Reduce Number of Empty bpobjs

Every time OpenZFS takes a snapshot it creates on-disk block pointer objects (bpobj's) to track blocks associated with that snapshot. In common use cases most of these bpobj's are empty, but the number of bpobjs per-snapshot is proportional to the number of snapshots already taken of the same filesystem or volume. When a single filesystem or volume has many (tens of thousands) snapshots these unecessary empty bpobjs can waste space and cause performance problems. OpenZFS waits to create each bpobjs until the first entry is added to it, thus eliminating the empty bpobjs.

Note: The empty_bpobj feature flag must be enabled to take advantage of this.

illumos Aug 2012
FreeBSD Aug 2012
ZFS on Linux Dec 2012
OpenZFS on OS X Dec 2012

Single Copy ARC

OpenZFS caches disk blocks in-memory in the adaptive replacement cache (ARC). Originally when the same disk block was accessed from different clones it was cached multiple times (one for each clone accessing the block) in case a clone planned to modify the block. With these changes OpenZFS caches at most one copy of every block unless a clone is actually modifying the block.

illumos Sep 2012
FreeBSD Nov 2012
ZFS on Linux Dec 2012
OpenZFS on OS X Dec 2012

TRIM Support

TRIM support provides the ability to pass deletes / frees through to underlying vdevs that help to ensure devices such as SSD's, which rely on receiving TRIM / UNMAP requests for sectors which are no longer needed, maintain optimal performance.

Two modes of TRIM/UNMAP were added: manual and automatic. Manual TRIM through the `zpool trim` command does on-demand TRIMing. Automatic TRIM can be enabled to perform a periodic background TRIM.

illumos not yet ported
FreeBSD OpenZFS v2
ZFS on Linux Mar 2019
OpenZFS on OS X Mar 2019

FASTWRITE Algorithm

Improves synchronous IO performance.

illumos not yet ported
FreeBSD not yet ported
ZFS on Linux Oct 2012
OpenZFS on OS X Oct 2012

Note that a locking enhancement is being reviewed.

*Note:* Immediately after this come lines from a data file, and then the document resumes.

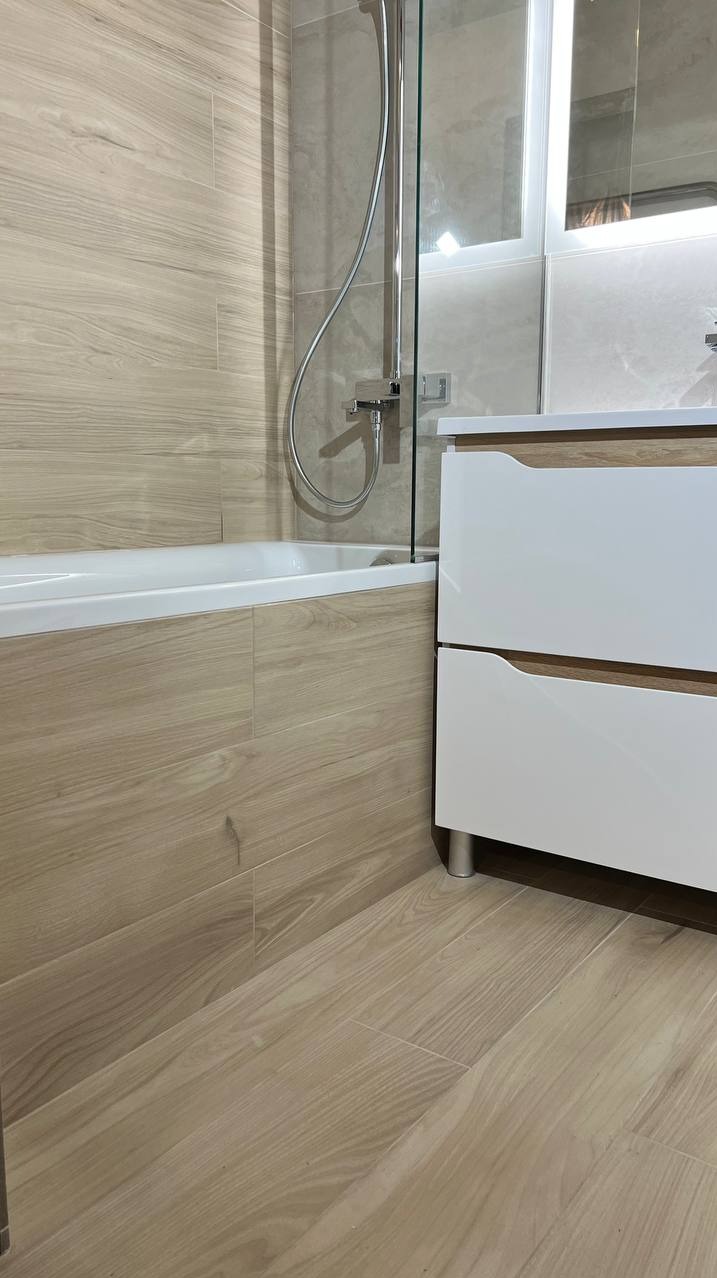 Nowoczesna łazienka z wanną obudowaną płytkami imitującymi drewno, białą szafką z drewnianymi akcentami i szklanym panelem prysznicowym.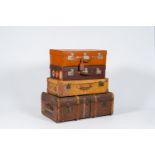 Three various leather travel cases and a steamer trunk with labels of various travel destinations, e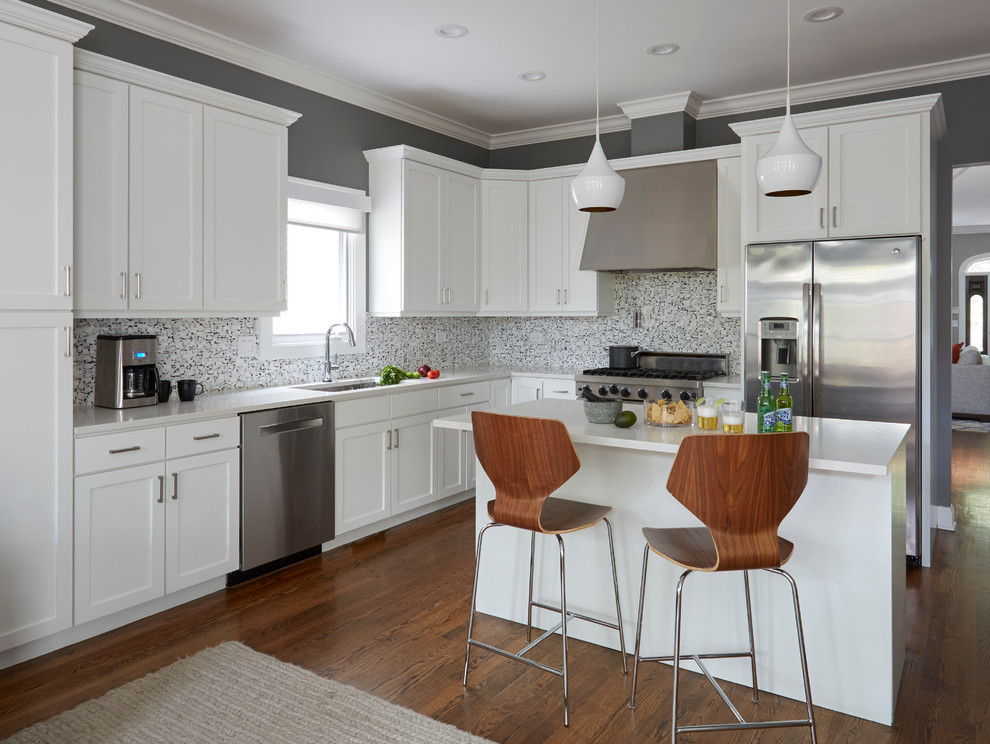 Inspiration for a medium sized traditional open plan kitchen in Chicago with a submerged sink, shaker cabinets, white cabinets, engineered stone countertops, stone tiled splashback, stainless steel appliances, dark hardwood flooring and an island.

Block Freeing Performance Improvments

Performance analysis of OpenZFS revealed that the algorithms used when freeing blocks could cause significant performance problems when freeing a large amount of blocks in a single transaction or when dealing with fragmented pools. Several performance improvements were made in this area.

illumos Nov 2012 Feb 2013 Feb 2013
FreeBSD Nov 2012 Feb 2013 Feb 2013
ZFS on Linux May 2013 June 2013 Oct 2013
OpenZFS on OS X May 2013 June 2013 Oct 2013

nop-write

ZFS supports end-to-end checksumming of every data block. When a cryptographically secure checksum is being used (and compression is enabled) OpenZFS will compare the checksums of incoming writes to checksum of the existing on-disk data and avoid issuing any write i/o for data that has not changed. This can help performance and snapshot space usage in situations were the same files are regularly overwritten with almost-identical data (e.g. regular full-backups of large random-access files).

illumos Nov 2012
FreeBSD Nov 2012
ZFS on Linux Nov 2013
OpenZFS on OS X Nov 2013

lz4 compression

OpenZFS supports on-the-fly compression of all user data with a variety of compression algorithm. This feature adds support for the lz4 compression algorithm. lz4 is usually faster and compresses data better than lzjb, the old default OpenZFS compression algorithm.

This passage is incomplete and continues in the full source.